TASK TO COMPLETE - Leave out the pictures and repeat the entries below verbatim.

★ ★ ★

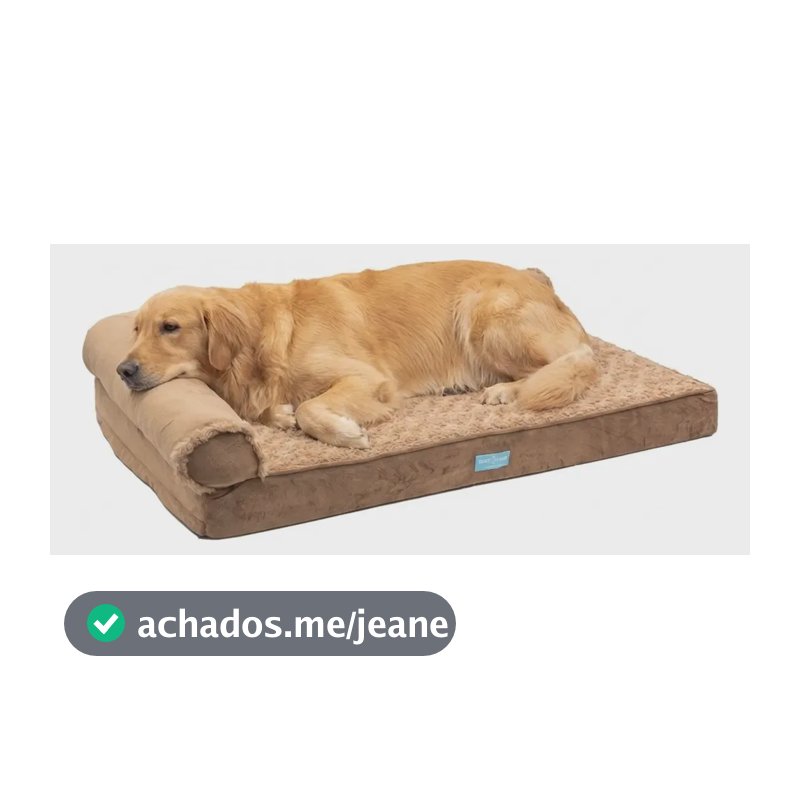 Cama Pet Ortopedica Grande 89x58cm Travesseiro Espuma Casca Marrom Luxo Premium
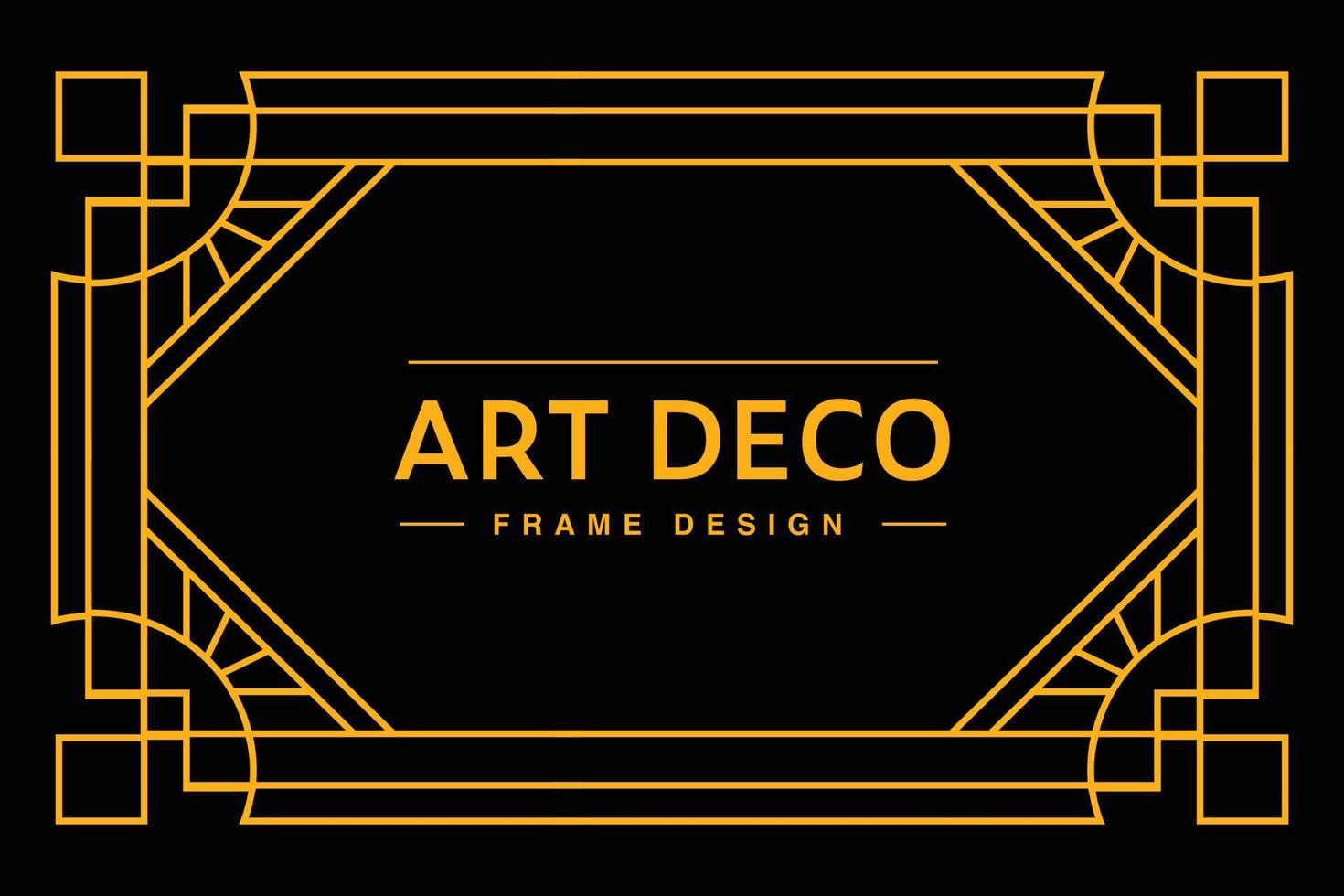 Art deco frame in golden color for classy and luxury template design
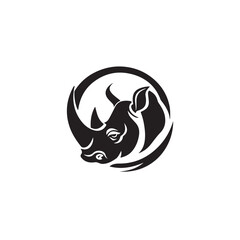 Black and White Rhino Logo Design Vector Art with Transparent Background for Wildlife Branding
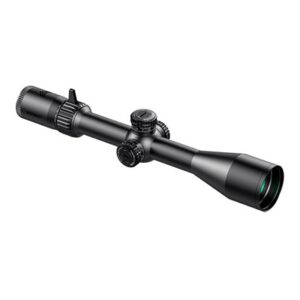 Black rifle scope with adjustable zoom and focus
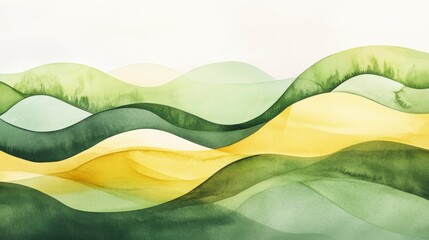Wall Mural - abstract watercolor painting of flowing green and yellow waves.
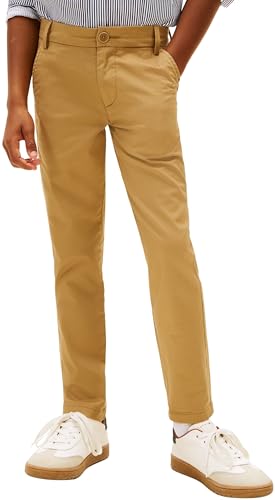 Pantalón chino regular fit color beige para niños de guardería talla 86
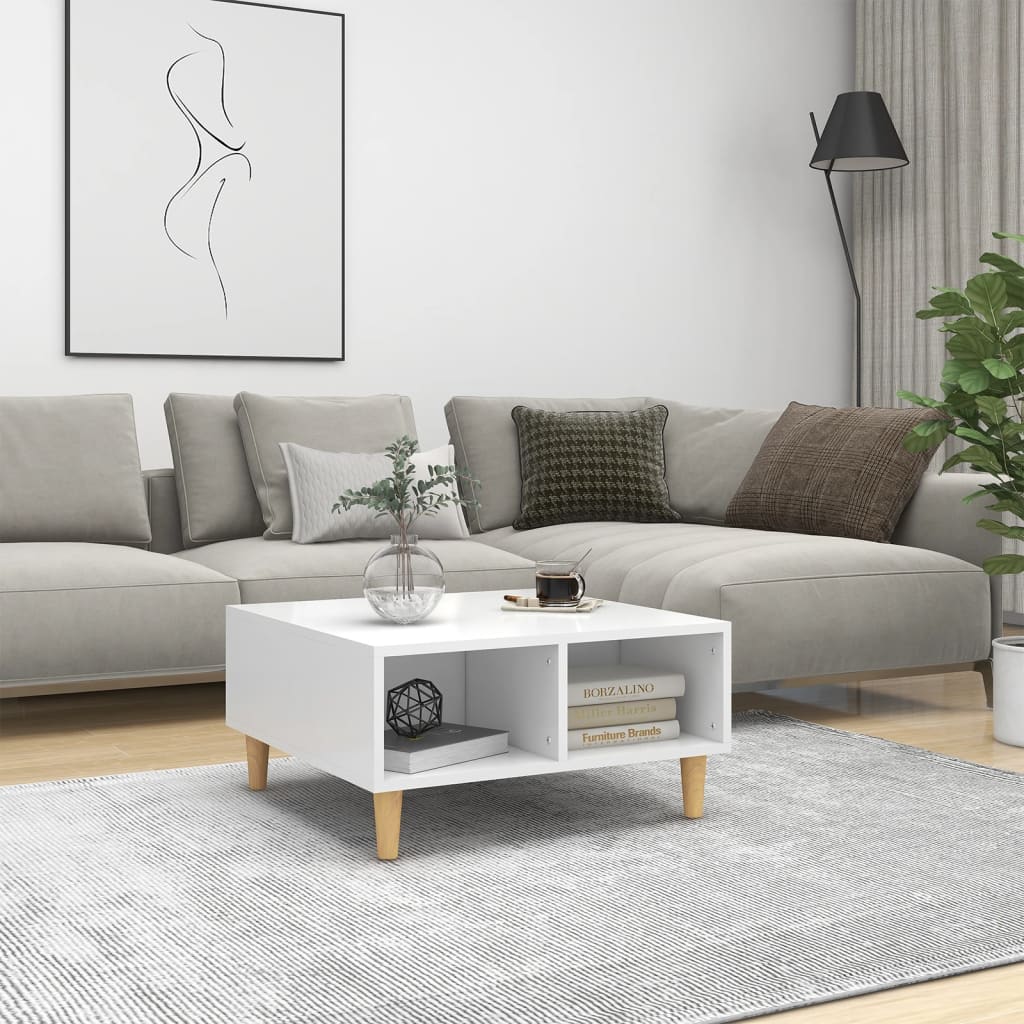 Salontafel 60x60x30 cm bewerkt hout wit is nu te koop bij PeponiXL, paradijselijk wonen!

★ ★ ★

REPLY TO THE EXERCISE -
 Cama Pet Ortopedica Grande 89x58cm Travesseiro Espuma Casca Marrom Luxo Premium
 Art deco frame in golden color for classy and luxury template design
 Black and White Rhino Logo Design Vector Art with Transparent Background for Wildlife Branding
 Black rifle scope with adjustable zoom and focus
Wall Mural - abstract watercolor painting of flowing green and yellow waves.
 Pantalón chino regular fit color beige para niños de guardería talla 86
 Salontafel 60x60x30 cm bewerkt hout wit is nu te koop bij PeponiXL, paradijselijk wonen!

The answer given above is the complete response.